[Records for processing]

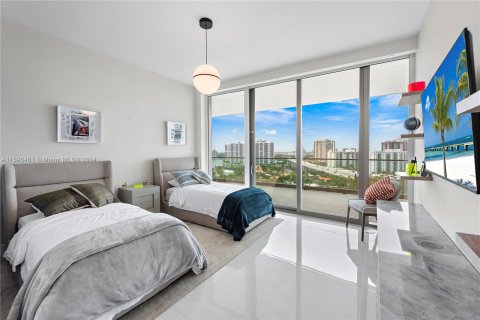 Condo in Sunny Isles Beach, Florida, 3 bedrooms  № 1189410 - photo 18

[/Records for processing]
[Records for processing]

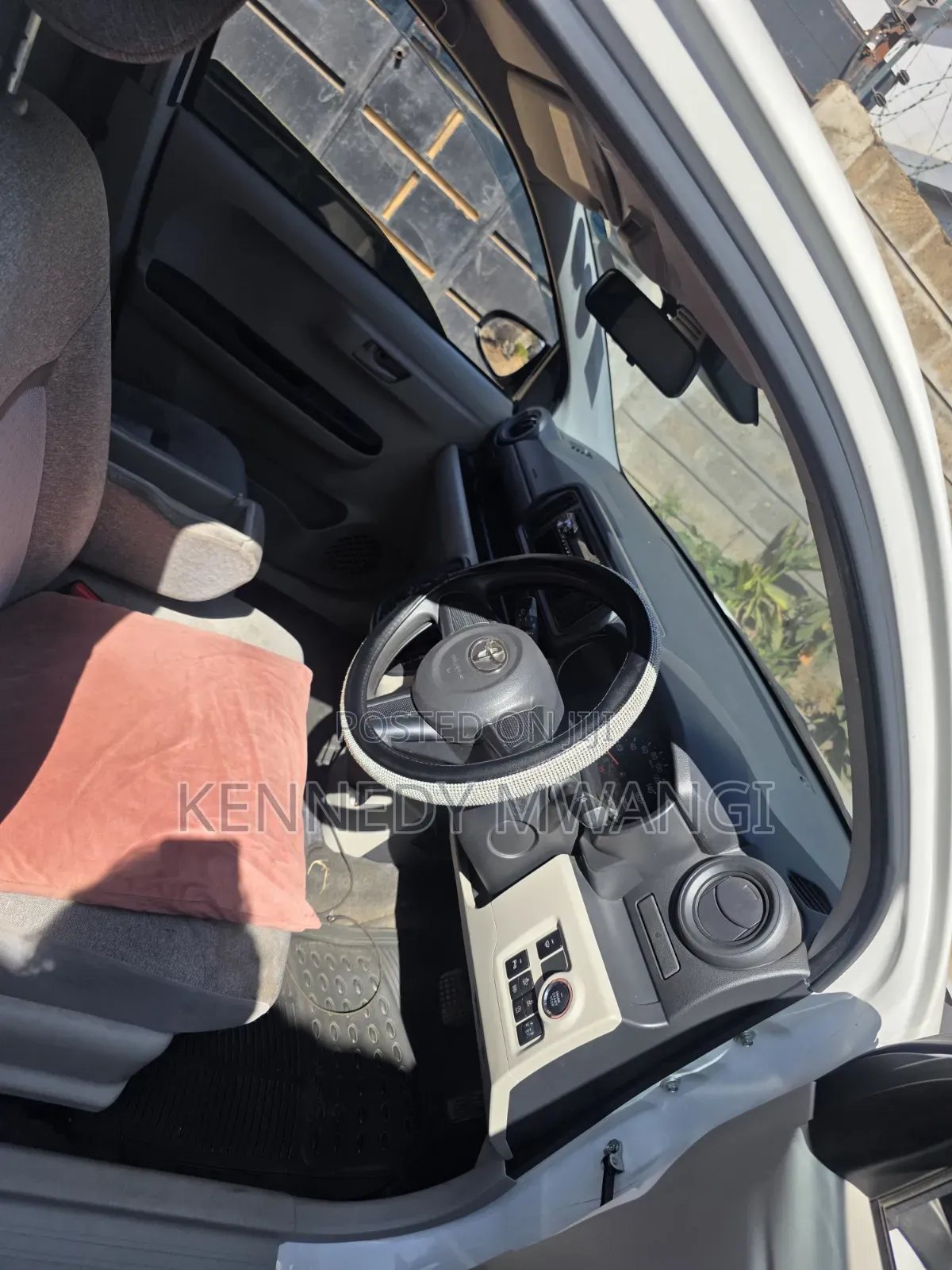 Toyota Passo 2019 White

[/Records for processing]
[Records for processing]

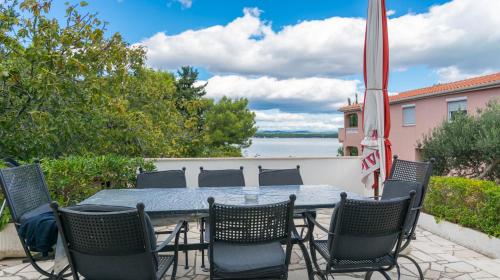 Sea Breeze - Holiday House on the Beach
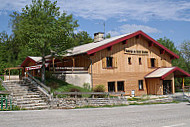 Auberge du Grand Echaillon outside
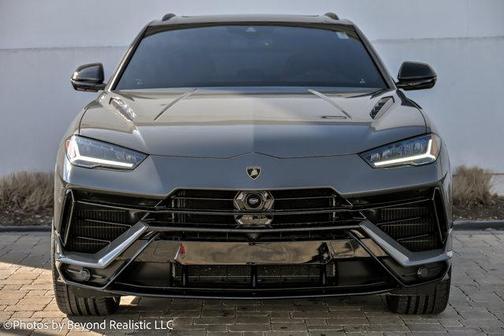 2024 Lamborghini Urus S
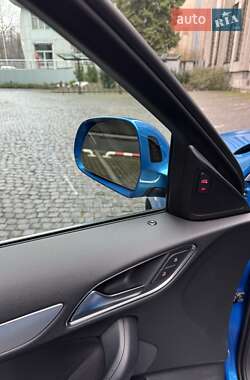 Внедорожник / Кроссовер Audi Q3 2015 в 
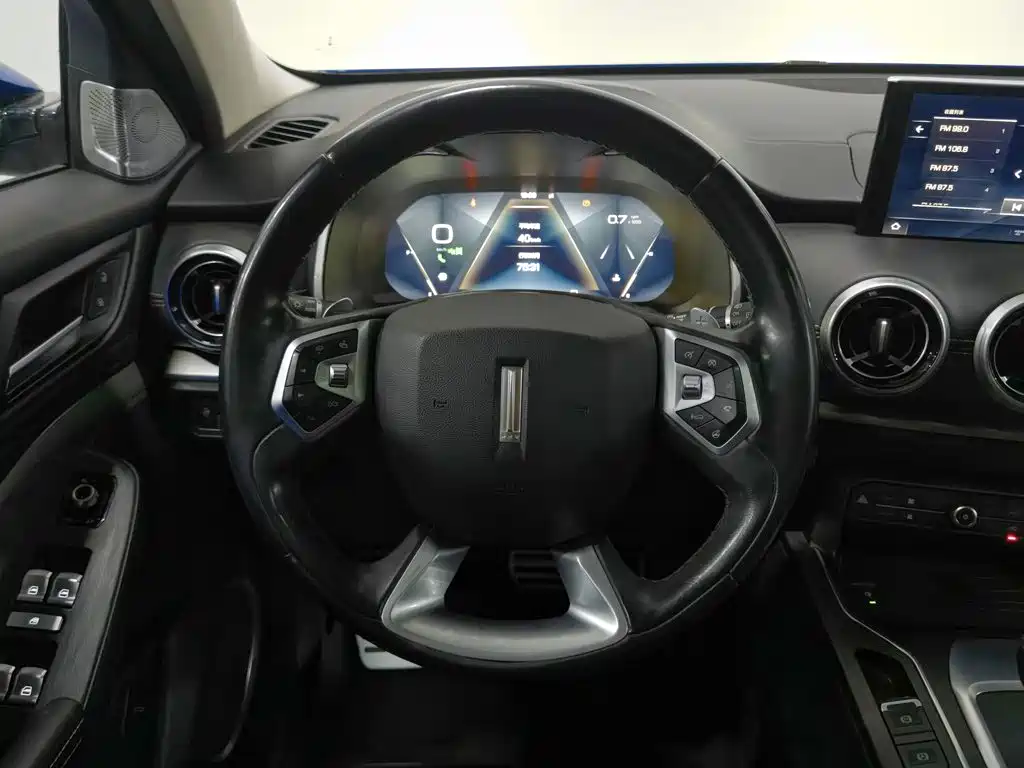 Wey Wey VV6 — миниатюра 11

[/Records for processing]

◆ What you have to do: Reproduce the data above exactly, but only from the line containing "Sea Breeze - Holiday House on the Beach" through the line containing "Wey Wey VV6 — миниатюра 11"; skip the pictures.

◆ Your solution:
 Sea Breeze - Holiday House on the Beach
 Auberge du Grand Echaillon outside
 2024 Lamborghini Urus S
 Внедорожник / Кроссовер Audi Q3 2015 в 
 Wey Wey VV6 — миниатюра 11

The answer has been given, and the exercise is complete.